Related articles |
---|
How Smart Can We Afford to be? jjones@uiuc.edu (1992-02-10) |
Re: How Smart Can We Afford to be? preston@dawn.cs.rice.edu (1992-02-12) |
Re: How Smart Can We Afford to be? metzger@bach.convex.com (1992-02-12) |
Re: How Smart Can We Afford to be? bill@hcx2.ssd.csd.harris.com (1992-02-13) |
Re: How Smart Can We Afford to be? idacrd!desj@uunet.uu.net (1992-02-24) |
Newsgroups: | comp.arch,comp.compilers |
From: | bill@hcx2.ssd.csd.harris.com (Bill Leonard) |
Keywords: | architecture, design |
Organization: | Harris Computer Systems Division, Fort Lauderdale, FL |
References: | 92-02-046 |
Date: | 13 Feb 92 13:58:35 GMT |
In article 92-02-046, jjones@uiuc.edu writes:
> 6. Can sophisticated optimizing compilers be built correctly in a timely
> fashion?
I agree with previous posters, Bob Metzger in particular, in saying that
sophisticated optimizing compilers are not significantly different than
other large software projects.

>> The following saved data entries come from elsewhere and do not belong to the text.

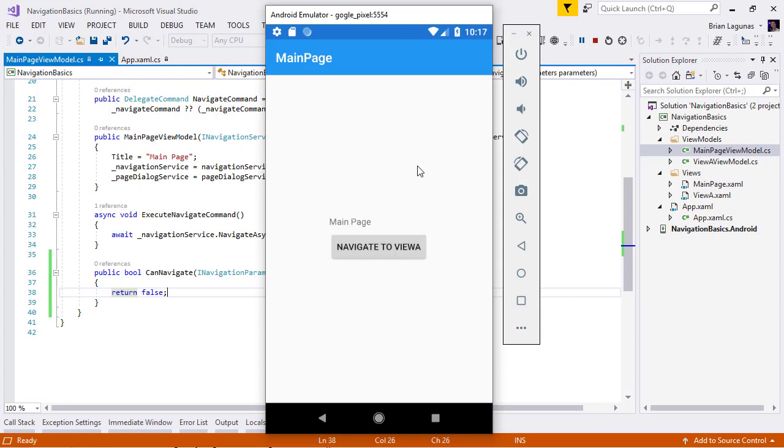Now that application is running, when I click the navigate to view A button, the expectation is that we will not be able to navigate. So, I click the button and nothing happened.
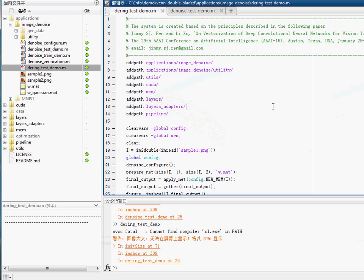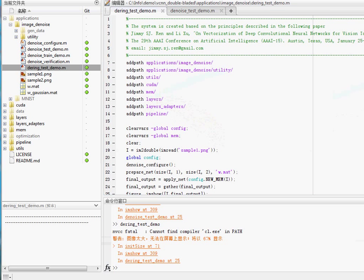This is pretty much the demonstration of the image processing functionality of our Double Bladed Sword software package. Thank you.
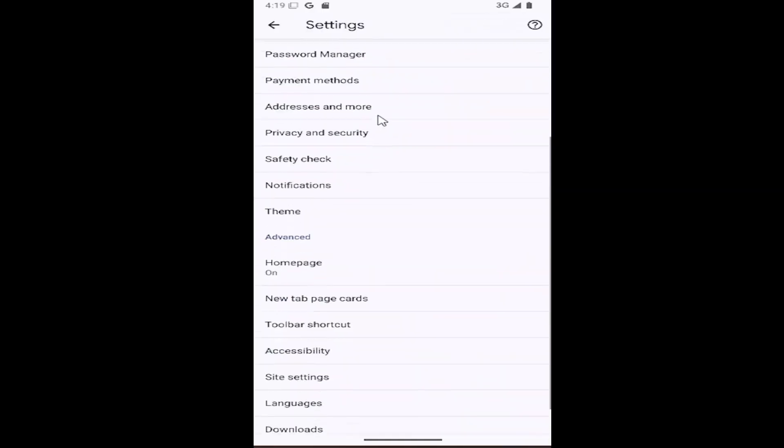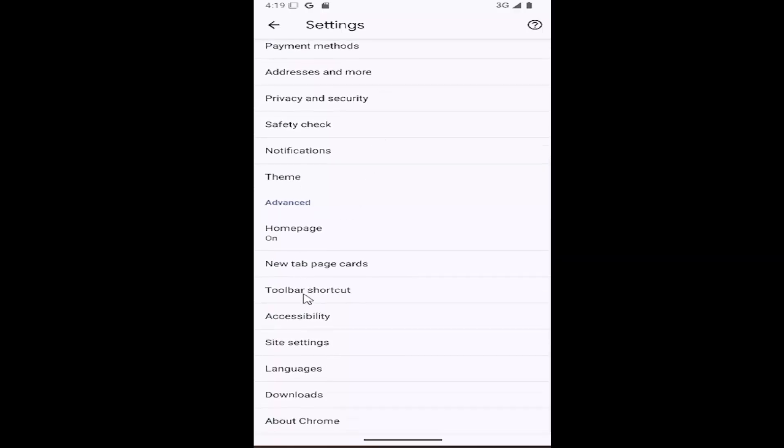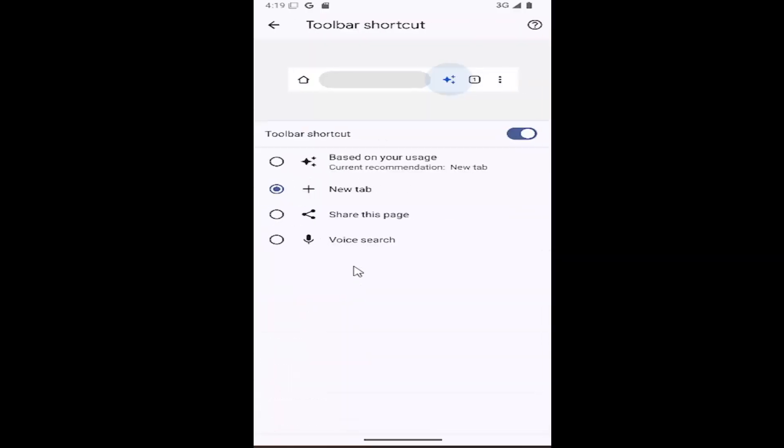You want to scroll down underneath Advanced and select where it says Toolbar Shortcut. And then you want to select under Toolbar Shortcut where it says Voice Search. Go ahead and select that. And that's all you have to do.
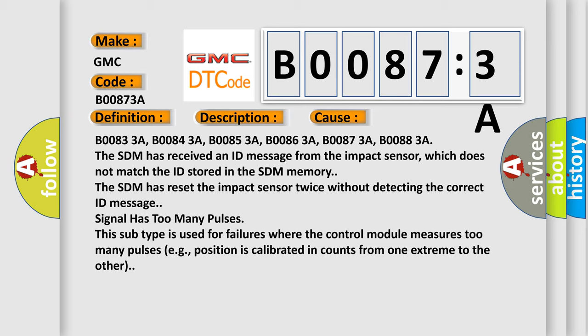B00833A, B00843A, B00853A, B00863A, B00873A, B00883A. The SDM has received an ID message from the impact sensor, which does not match the ID stored in the SDM memory. The SDM has reset the impact sensor twice without detecting the correct ID message.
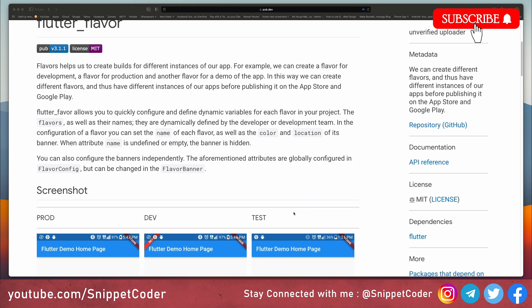For example, if we want a different API URL for our development, QA environment, and production environment, we can configure that there. We can also configure specific modules for development, QA, and production in the configuration. Let's integrate this package and understand everything step by step.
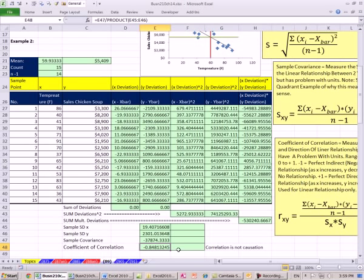There is our coefficient of correlation. That is pretty strong — it means a pretty strong negative correlation. As x increases, y decreases. The closer this number gets to minus 1, the more perfect the negative relationship.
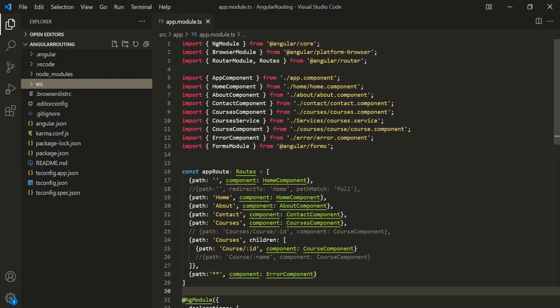Typically, if you have more than two or three routes defined, we don't add it directly in the app modules file. Instead, we can add a new module file which will be for the whole application, and inside that module file we can add and define our routes.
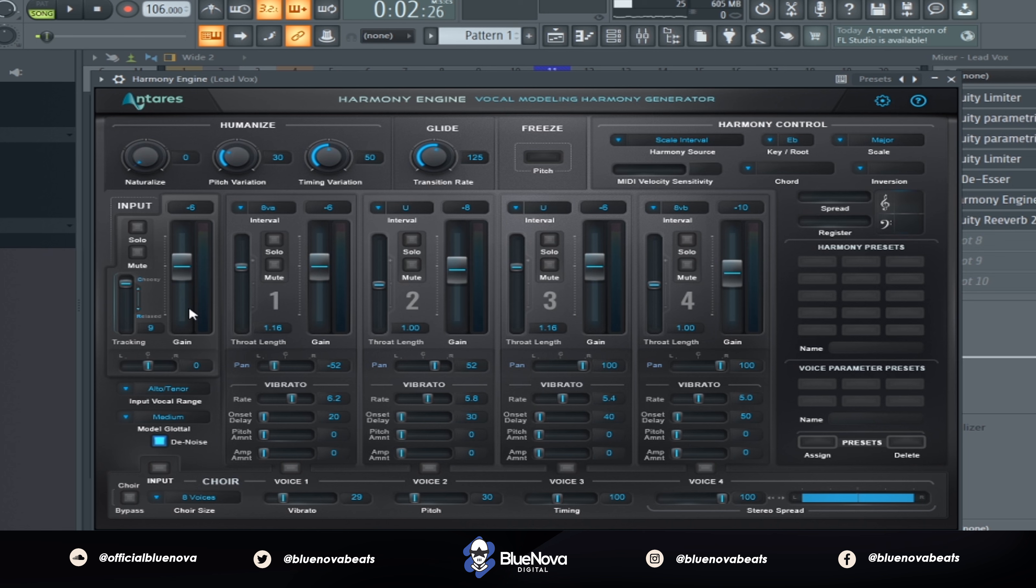Now, the very first slot that you see right here is our original vocal, and you do have the capability of lowering or increasing the volume of it so that you can hear one harmony more than the other one.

If you define "correctly" as having few
enough bugs that users can get their work done, and "timely" as getting to
market soon enough to make a profit, then I think the answer is Yes. If
you define "correctly" as being completely free of bugs, then the answer
is No for any non-trivial software product, compiler or otherwise.
> 7. What are the tradeoffs in writing a compiler that takes advantage of
> lots of registers, versus a compiler that does a good job of instruction
> scheduling and taking advantage of a pipeline?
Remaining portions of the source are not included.